Part 1: MLRun Basics

Part 1 of the getting-started tutorial introduces you to the basics of working with functions by using the MLRun open-source MLOps orchestration framework.

The tutorial takes you through the following steps:

  1. Installation and Setup

  2. Creating a basic function and running it locally

  3. Running the function on the cluster

  4. Viewing jobs on the dashboard (UI)

  5. Scheduling jobs

By the end of this tutorial you’ll learn how to

  • Create a basic data-preparation MLRun function.

  • Store data artifacts to be used and managed in a central database.

  • Run your code on a distributed Kubernetes cluster without any DevOps overhead.

  • Schedule jobs to run on the cluster.

Using MLRun Remotely

This tutorial is aimed at running your project from a local Jupyter Notebook service in the same environment in which MLRun is installed and running. However, as a developer you might want to develop your project from a remote location using your own IDE (such as a local Jupyter Notebook or PyCharm), and connect to the MLRun environment remotely. To learn how to use MLRun from a remote IDE, see Setting a Remote Environment.

Introduction to MLRun

MLRun is an open-source MLOps framework that offers an integrative approach to managing your machine-learning pipelines from early development through model development to full pipeline deployment in production. MLRun offers a convenient abstraction layer to a wide variety of technology stacks while empowering data engineers and data scientists to define the feature and models.

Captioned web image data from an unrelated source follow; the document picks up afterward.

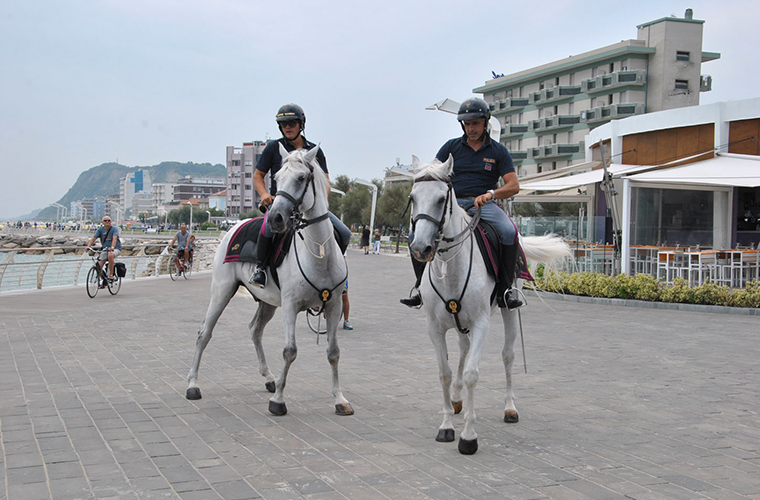 Polizia a cavallo a Pesaro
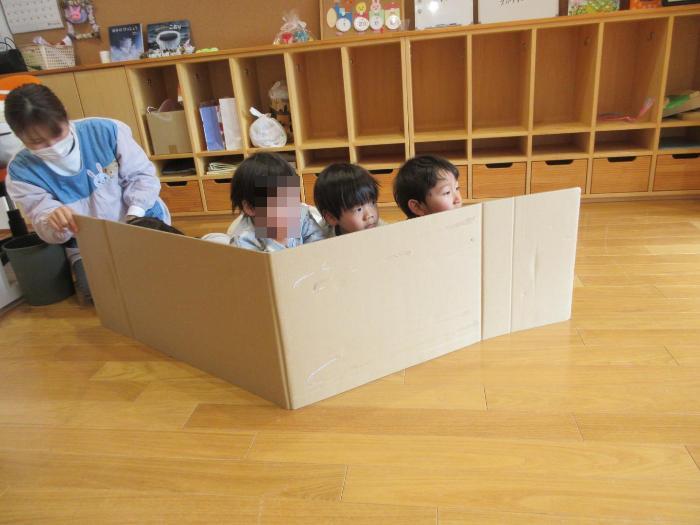 7匹のこやぎごっこをする
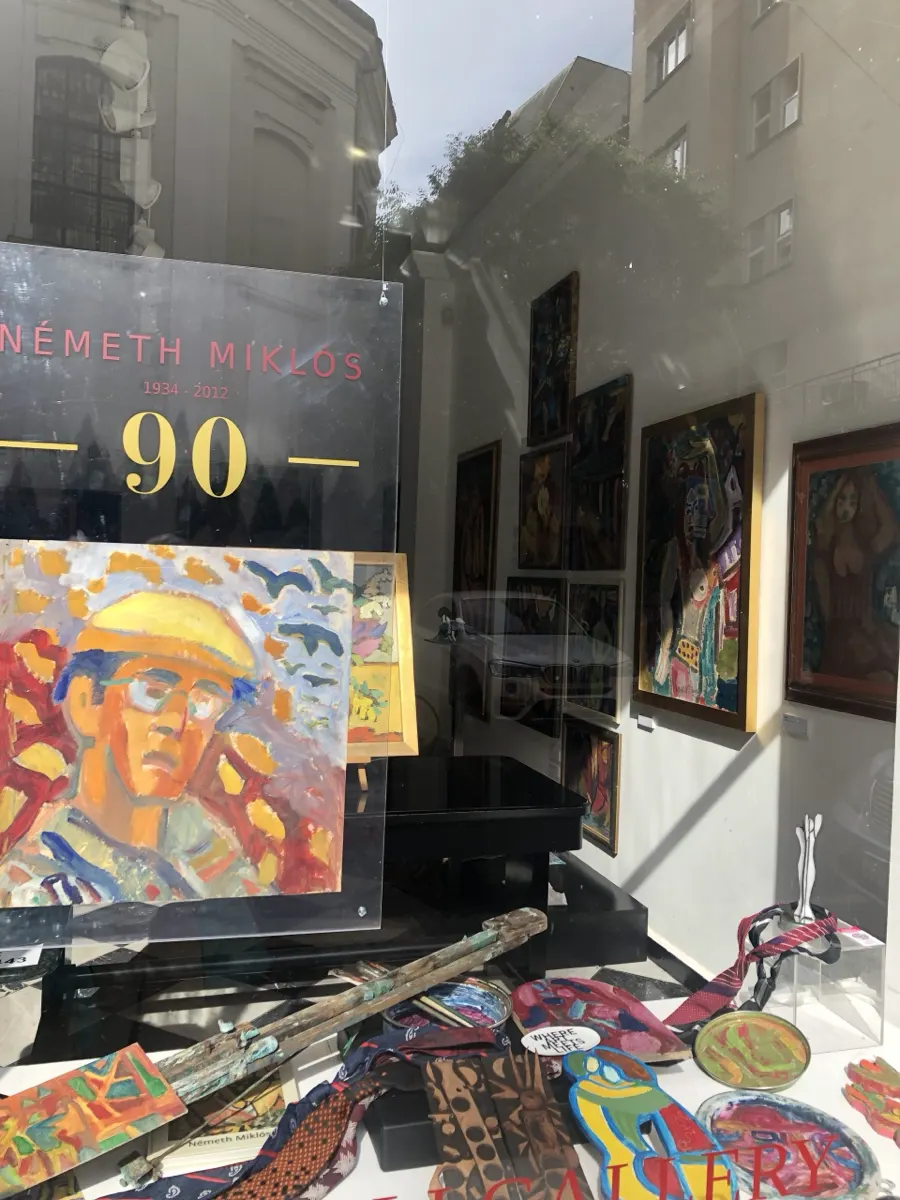 ART NEWS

MLRun provides the following key benefits:

  • Rapid deployment of code to production pipelines

  • Elastic scaling of batch and real-time workloads

  • Feature management — ingestion, preparation, and monitoring

  • Works anywhere — your local IDE, multi-cloud, or on-prem

MLRun can be installed over Kubernetes or is available as a managed service in the Iguazio Data Science Platform.

▶ For more information about MLRun, see the MLRun Architecture and Vision documentation.

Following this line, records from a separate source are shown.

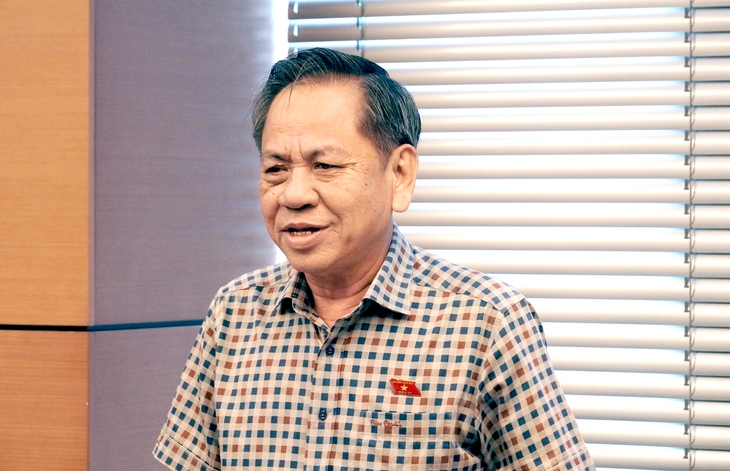 Đại biểu Quốc hội đồng tình làm một bộ sách giáo khoa, đề nghị kiểm soát giá - Ảnh 1.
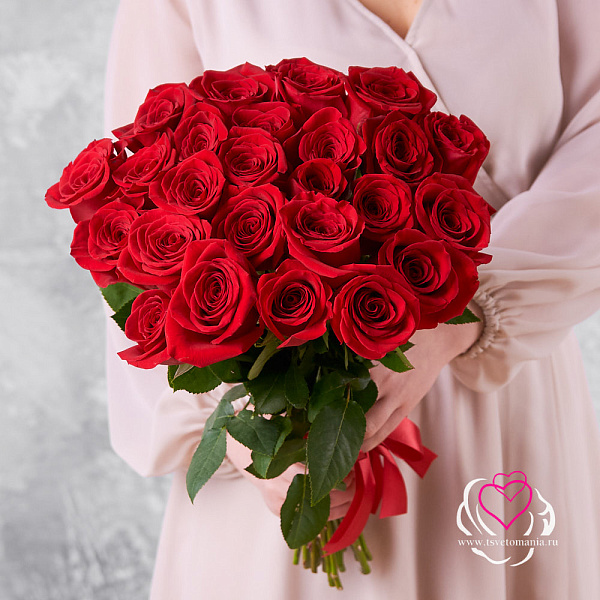 Купить Букет из 25 красных китайских роз 60 см под ленту в  с бесплатной доставкой: цена, фото, описание
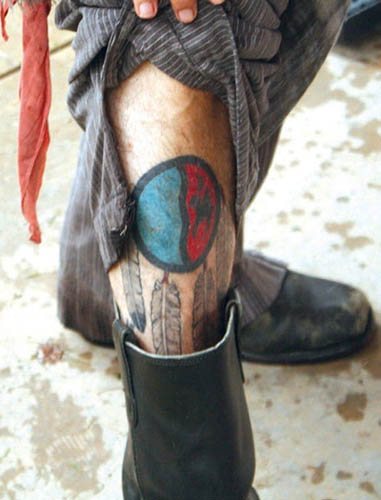 Un tatouage de Johnny Depp. Photos sur son bras, son dos et sa main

Step 1: Installation and Setup

For information on how to install and configure MLRun over Kubernetes, see the MLRun installation guide. To install the MLRun package, run pip install mlrun with the MLRun version that matches your MLRun service.

For Iguazio Data Science Platform Users

If your are using the Iguazio Data Science Platform, MLRun is available as a default (pre-deployed) shared service.
You can run !/User/align_mlrun.sh to install the MLRun package or upgrade the version of an installed package. By default, the script attempts to download the latest version of the MLRun Python package that matches the version of the running MLRun service.

Kernel Restart

After installing or updating the MLRun package, restart the notebook kernel in your environment!

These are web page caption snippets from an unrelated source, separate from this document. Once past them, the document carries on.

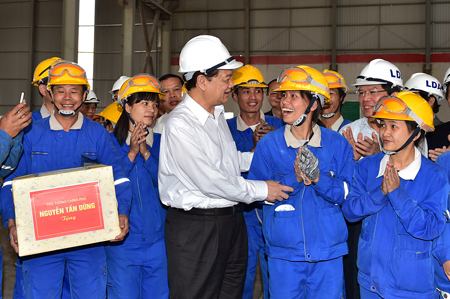 Thủ tướng tặng quà động viên công nhân lao động tại nhà máy.
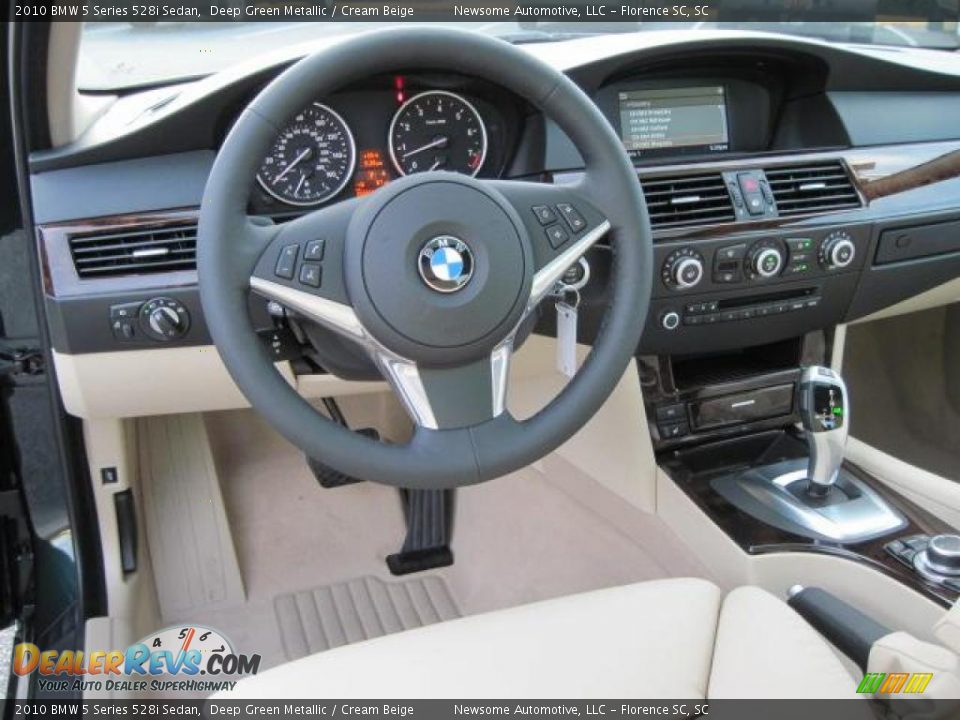 2010 BMW 5 Series 528i Sedan Deep Green Metallic / Cream Beige Photo #4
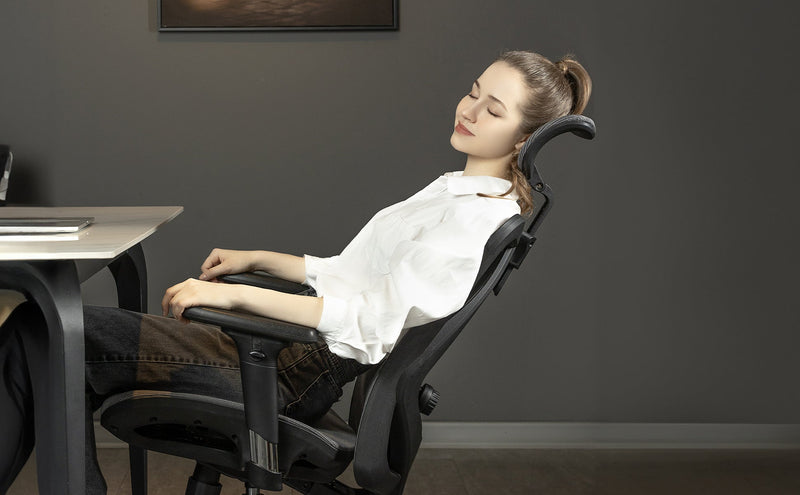 Reclining in the Sihoo M57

Initializing Your MLRun Environment

MLRun projects are used for namespacing and grouping multiple runs, functions, workflows, and artifacts. Projects can be created via API/UI or even as a side effect, when you run a job or save an object (such as a function or artifact) to a specific project. For more information about MLRun projects, see the MLRun projects documentation.

Use the set_environment MLRun method to configure the working environment and default configuration. This method returns a tuple with the current project name and artifacts path.

Set the method’s project parameter to your selected project name. You can also optionally set the user_project parameter to True to automatically append the username of the running user to the project name specified in the project parameter, resulting in a <project>-<username> project name; this is useful for avoiding project-name conflicts among different users.

You can optionally pass additional parameters to set_environment, as detailed in the MLRun API reference. For example:

  • You can set the artifact_path parameter to override the default path for storing project artifacts, as explained in the MLRun artifacts documentation.

  • When using a remote MLRun or Kubernetes cluster, you can set the api_path parameter to the URL of your remote environment, and set the access_key parameter to an authentication key for this environment.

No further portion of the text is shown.